**MATERIAL PROVIDED:**
+++++
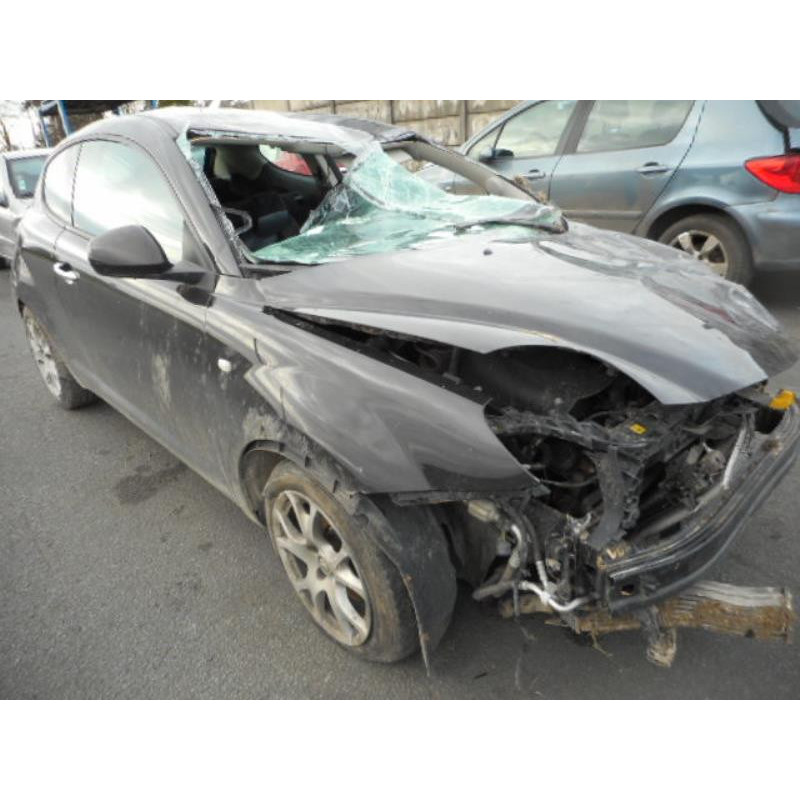 Malle/Hayon arriere ALFA ROMEO MITO Photo n°3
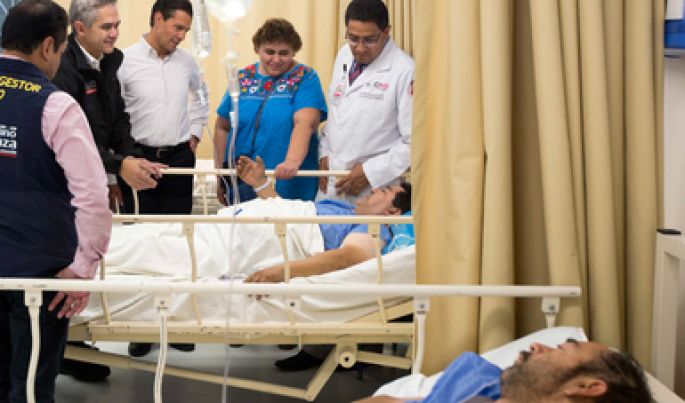 Visita el Presidente Enrique Peña Nieto a lesionados por el sismo de ayer internados en el Hospital General Balbuena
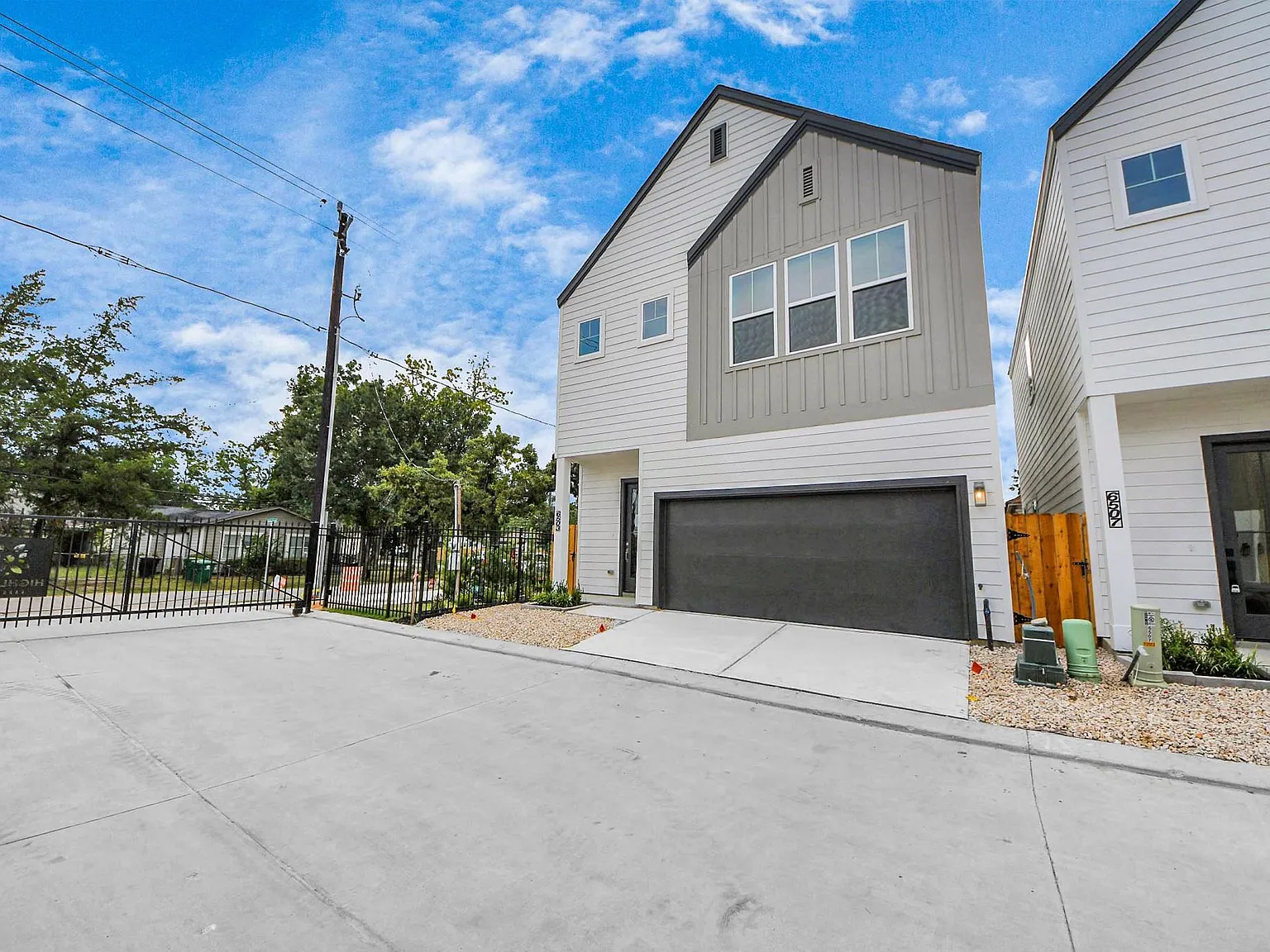 3 bed, 2.5 bath, 1545 sqft, $2,350 — Photo 3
+++++
**DIRECTIONS:** Your task is to reproduce exactly the lines from the one with "Visita el Presidente" to the end of the material, both included, with the pictures left out.

**OUTPUT:**
 Visita el Presidente Enrique Peña Nieto a lesionados por el sismo de ayer internados en el Hospital General Balbuena
 3 bed, 2.5 bath, 1545 sqft, $2,350 — Photo 3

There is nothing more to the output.